Exercise goal: In the data below, begin at the line with "Happy-family-couple-with-children-waving-hello" and stop after the line with "Low altitude urban"; output those lines exactly and no pictures.

Data provided:
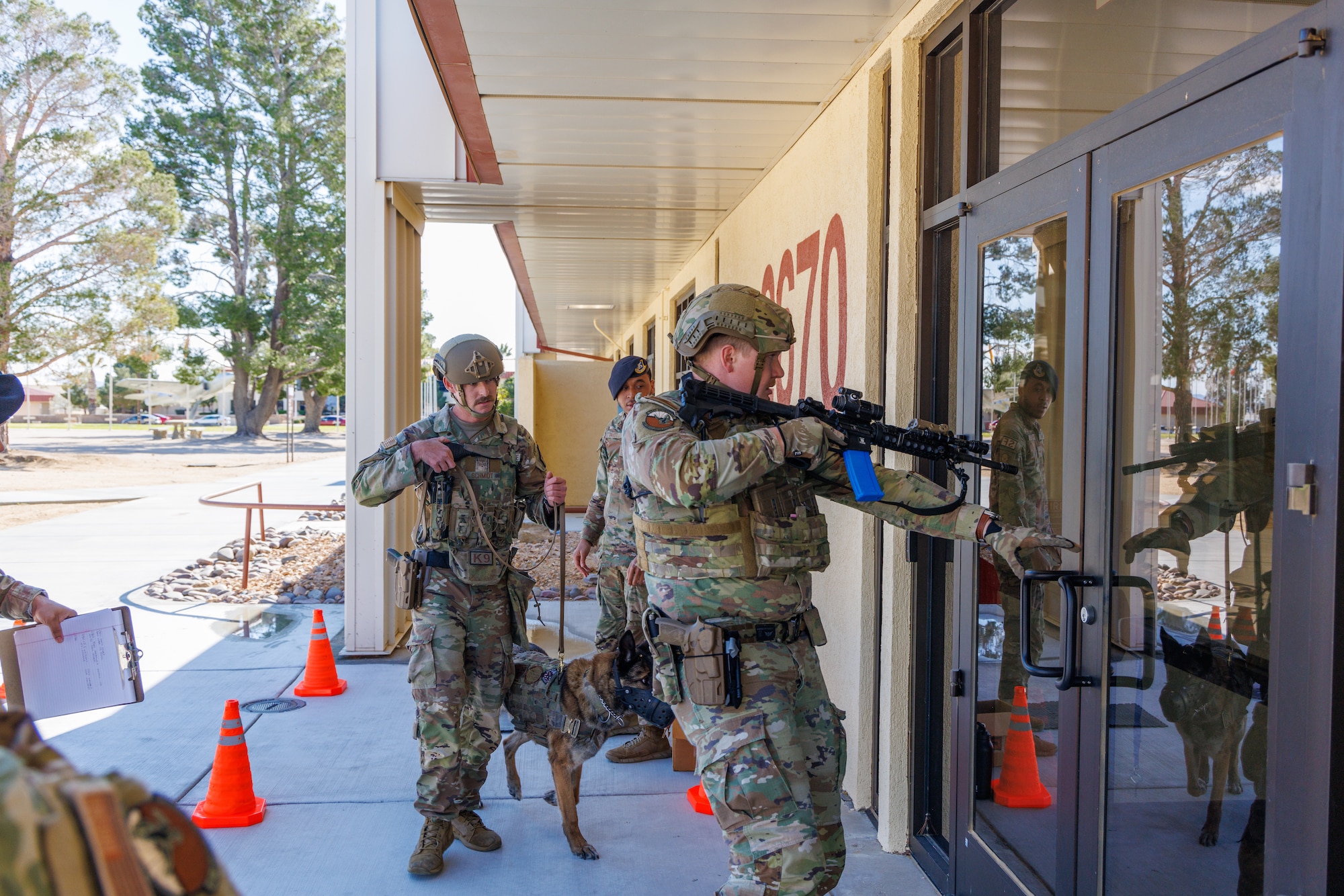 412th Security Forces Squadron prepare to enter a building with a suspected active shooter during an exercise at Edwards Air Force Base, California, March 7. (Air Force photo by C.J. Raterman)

---

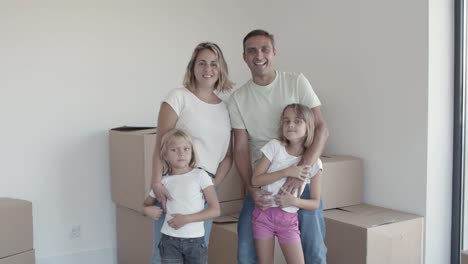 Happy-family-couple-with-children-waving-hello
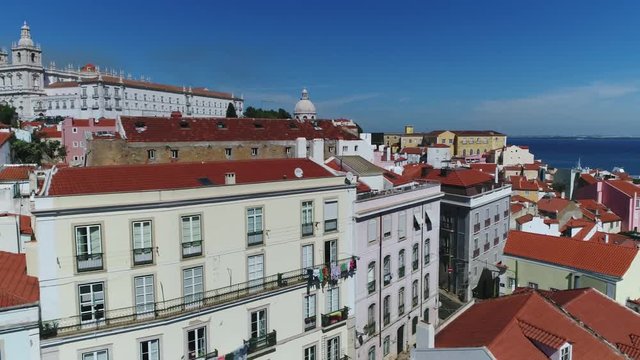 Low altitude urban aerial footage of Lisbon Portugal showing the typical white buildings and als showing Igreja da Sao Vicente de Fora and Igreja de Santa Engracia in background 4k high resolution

---

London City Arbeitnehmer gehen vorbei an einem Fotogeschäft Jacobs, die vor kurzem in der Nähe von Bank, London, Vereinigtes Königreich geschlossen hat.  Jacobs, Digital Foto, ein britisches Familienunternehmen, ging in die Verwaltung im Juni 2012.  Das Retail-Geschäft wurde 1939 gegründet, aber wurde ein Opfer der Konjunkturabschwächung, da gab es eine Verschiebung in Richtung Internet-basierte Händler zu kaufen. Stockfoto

Task solution:
 Happy-family-couple-with-children-waving-hello
 Low altitude urban aerial footage of Lisbon Portugal showing the typical white buildings and als showing Igreja da Sao Vicente de Fora and Igreja de Santa Engracia in background 4k high resolution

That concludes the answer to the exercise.